Cassini Flyby: Spacecraft’s Closest Approach to Enceladus, Saturn’s Moon, on March 27, 2012

By on Mar 28, 2012 in Announcement, Astronomy, Science, World Comments


Enceladus “E-17” Flyby
Image Credit: NASA/JPL

The Cassini spacecraft had its closest approach to Enceladus, Saturn’s moon on Tuesday, March 27, 2012 11:30 a.m. PDT. This was reported by NASA, March 26, 2012. According to NASA, the Cassini spacecraft flyby is at 74 kilometers or 46 miles closer to Enceladus.

Cassini’s ion and mass spectrometer or Cassini plasma spectrometer instrument (CAPS) will help analyze the composition of the plume coming from Saturn’s moon, Enceladus.
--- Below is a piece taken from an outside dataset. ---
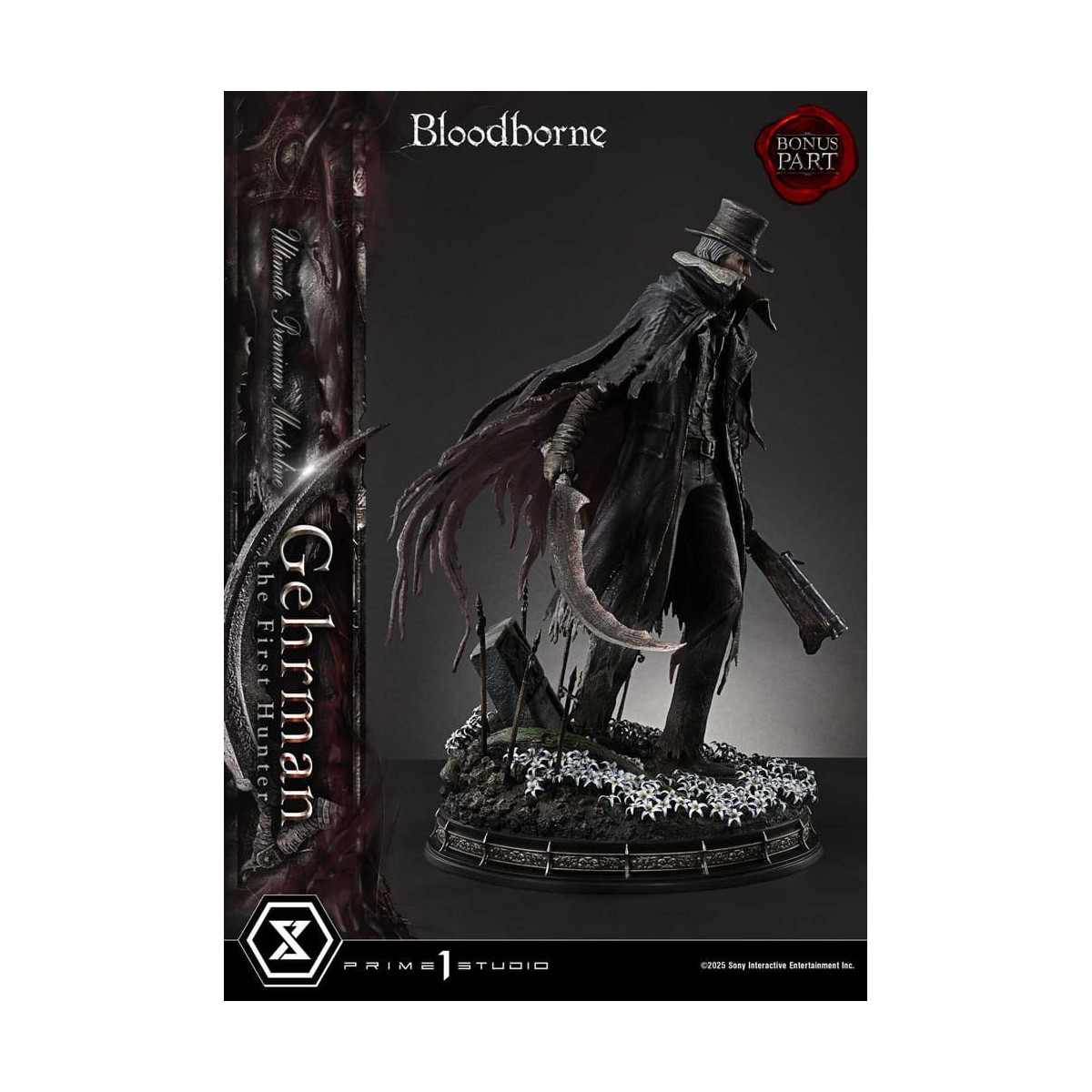 Prime 1 Studio - Bloodborne - Gehrman Bonus Version Ultimate Premium Masterline Serie 1/4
Launched in 1997, the Cassini’s mission was to explore Saturn’s system. It is a cooperative venture of NASA, and its European and Italian counterparts, NASA said.

Incidentally, this Cassini-Huygens mission received the 2012 National Air and Space Museum Trophy last March 21 for Current Achievement.

Aside from the analysis of Saturn’s and Enceladus’ environment, pictures would also be taken by the onboard cameras made by the NASA’s Jet Propulsion Laboratory.